The gamble comes in the potential backlash should the Rams cut the first openly gay player in the NFL.

Coach Jeff Fisher says the Rams won’t hesitate to release the former Missouri defensive end if he doesn’t deserve a roster spot.

Surprisingly, more seventh-round picks make it than are cut in the NFL. Though Sam had disappointing results at the Senior Bowl, the NFL combine and during the Tigers’ Pro Day, one would think he’ll be able to be at least a back-up.

Best thing that could happen, of course, is that Sam plays so well in the preseason, the Rams keep him.

But if he gets released, St. Louis will be a target for discrimination charges. That could be part of the reason why other teams passed on a player talented enough to be named Southeastern Conference defensive player of the year in 2013.

• Danny Southwick’s time at Oregon State was brief — one spring practice back in 2003. The Portland Thunder’s quarterback regrets that he left OSU for Dixie State in St. George, Utah.

“I was a knucklehead in college,” says Southwick, 32. “I transferred way too much.

Oregon State was the first of many.”

Southwick originally had signed with Brigham Young but fulfilled a Mormon church mission before deciding on Oregon State. He was a Dennis Erickson recruit, but Erickson departed for the San Francisco 49ers and Mike Riley came aboard that winter. Southwick played spring ball and was in a battle with Adam Rothenfluh and Ryan Gunderson for the backup job behind Derek Anderson.

“I was young and immature and wanted a chance to play right away,” Southwick said. “Anderson was the quarterback and the coaches said, ‘You’re going to have a shot,’ which is what every coach tells every player. But Mike Riley is a great coach. I think had I stayed, things would have worked out. The guy who came in and took my scholarship (the next year) was (UCLA) transfer Matt Moore.”

Southwick went from OSU to Dixie to Utah, back to Dixie and finally to Occidental, where he played as a senior. He has bounced from team to team during his professional career, too.

“Look at any D-I quarterback who transfers a lot, normally it does not work out,” he said. “You get lost in the shuffle. I didn’t know that then. I’m a journeyman in the Arena League, and I was in college, too. I should have stayed at Oregon State, but I really like it here in Portland. To be able to come back and play here, it’s like coming full circle. It’s been fun.”

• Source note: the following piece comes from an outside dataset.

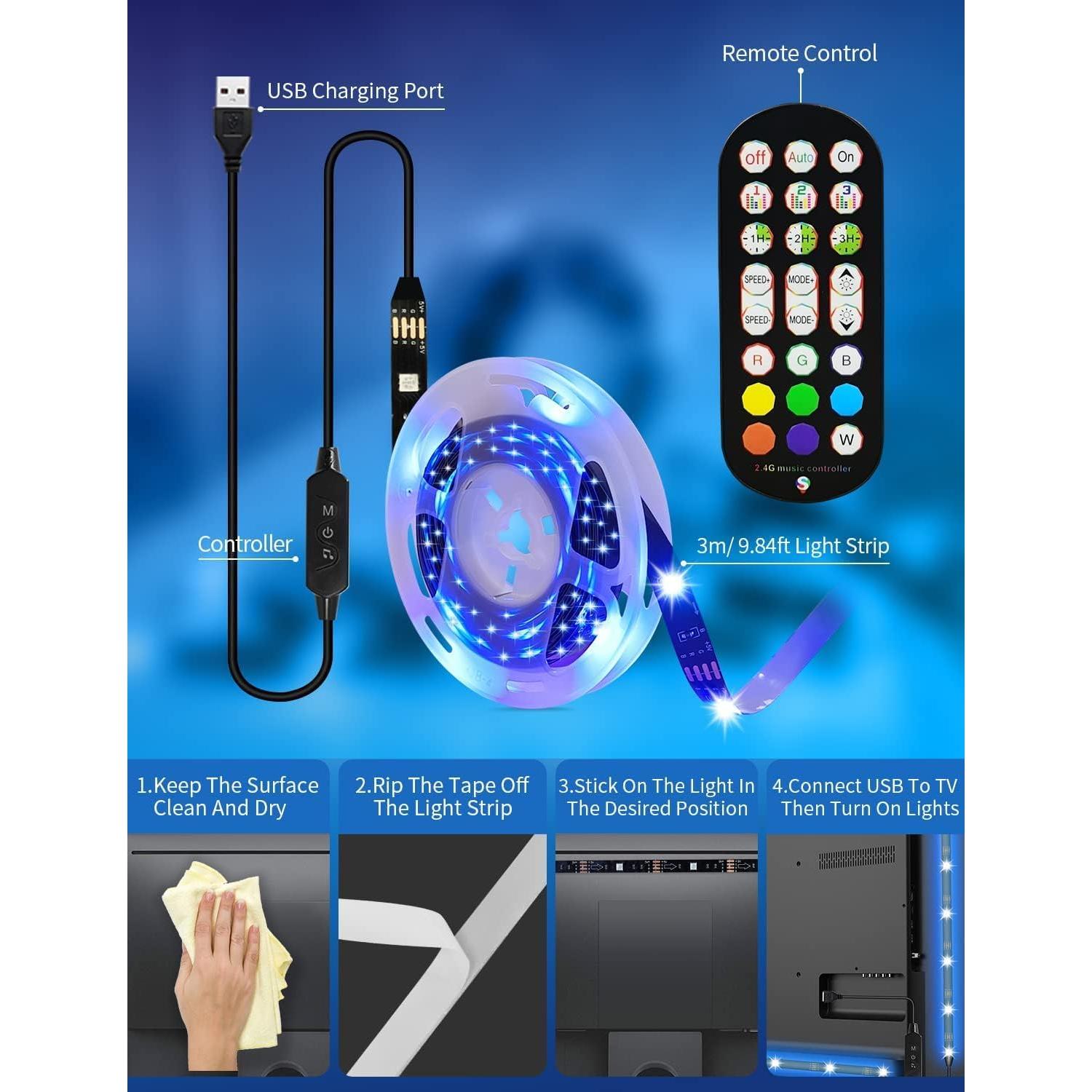 Luces LED Daymeet 4.0m RGB para TV 101.6-165.1cm con APP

• Can’t wait for the 40th annual Prefontaine Classic, set for May 30-31 at Eugene’s Hayward Field as one of the nation’s two Diamond League invitational meets.

Long-time promoter Tom Jordan, who called last year’s field the best in history, says this year’s field is even better.

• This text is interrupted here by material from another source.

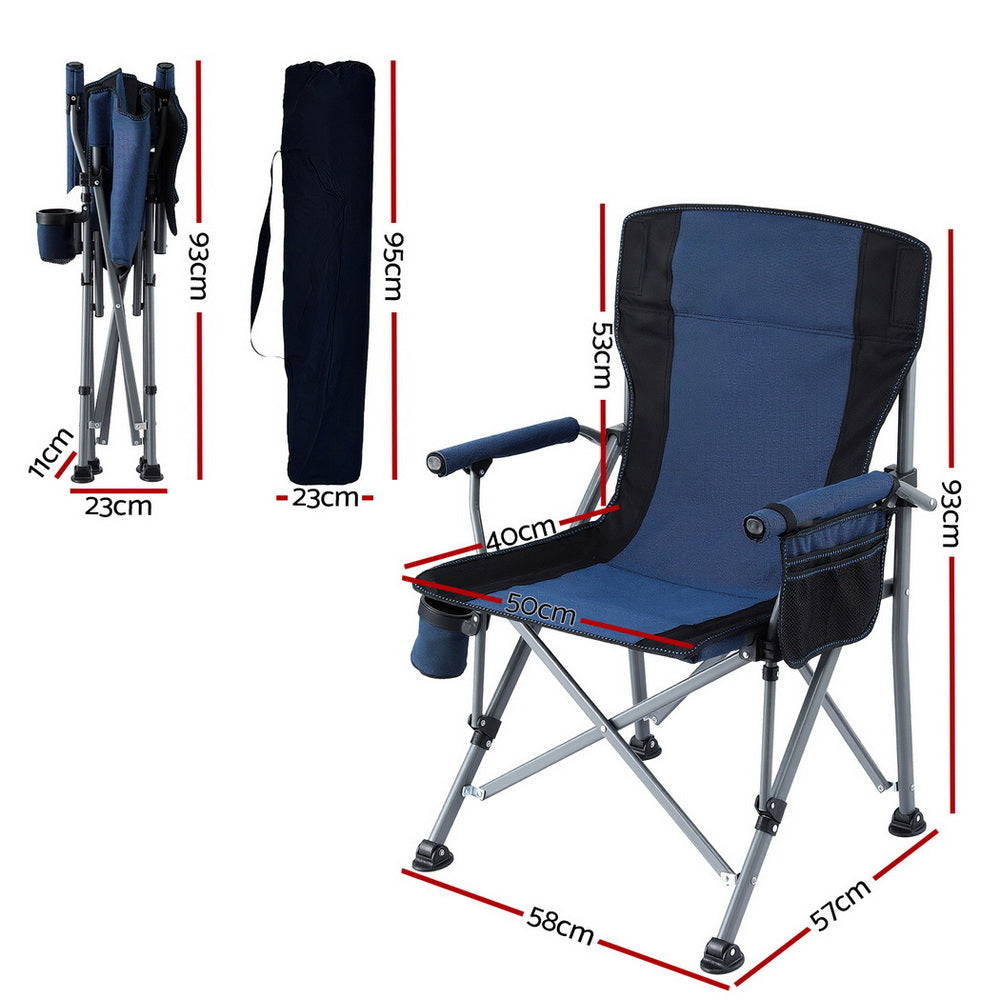Outdoor Chairs: Weisshorn Camping Chair Folding Outdoor Portable Seat Lightweight Beach Picnic Fishing Capacity 120KG Navy Blue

“We give every world and Olympic champion a single room,” Jordan says. “We have almost all single rooms at the (athletes’) hotel.”

Jordan expects a very fast time in the men’s 10,000 on Friday night, “after the sun goes down, the wind goes down, and the pollen goes down.”

He sees a potential world record in the women’s 2-mile, which is 8:58.58. Kenya’s Mercy Cherono has run the 3,000 meters in 8:21.14, which converts to a 9:01.2 2-mile, “so she’s within range,” Jordan says.

The men’s mile — with 12 entrants possessing bests of under 3:55 — should go under 3:50, with Kenyan’s Asbel Kiprop (3:48.50) and Silas Kiplagat (3:49.39) the favorites, but with ex-Oregon great Matthew Centrowitz (3:51.34), the former NCAA 1,500 champion, a potential upset hope.

“He’s in shape,” Jordan says. “He’s one of the savviest runners I’ve ever seen — so smooth, very heady. The last couple of years, he’s been dinged up coming into the Pre. If he’s 100 percent healthy, he’s going to be a factor in the race.”

The men’s pole vault is loaded, with eight contestants over 19 feet, including world record-holder and 2012 Olympic gold medalist Renauld Lavillenie of France (20-2 1/2), 2013 world champion and 2012 Olympic bronze medalist Raphael Holzdeppe of Germany (19-4 3/4) and American record-holder Brad Walker (19-9 3/4).

Then there’s the women’s high jump, with every medalist from major international championships of the past three years, including three Russians — 2012 Olympic champion Anna Chicherova (6-9 1/2), Irina Gordoyeva (6-8 1/4) and Svetlana Shkolina (6-8) — as well as American Brigetta Barrett (6-8 1/4), the 2012 Olympic silver medalist.

It’s going to be an incredible meet, as it always is.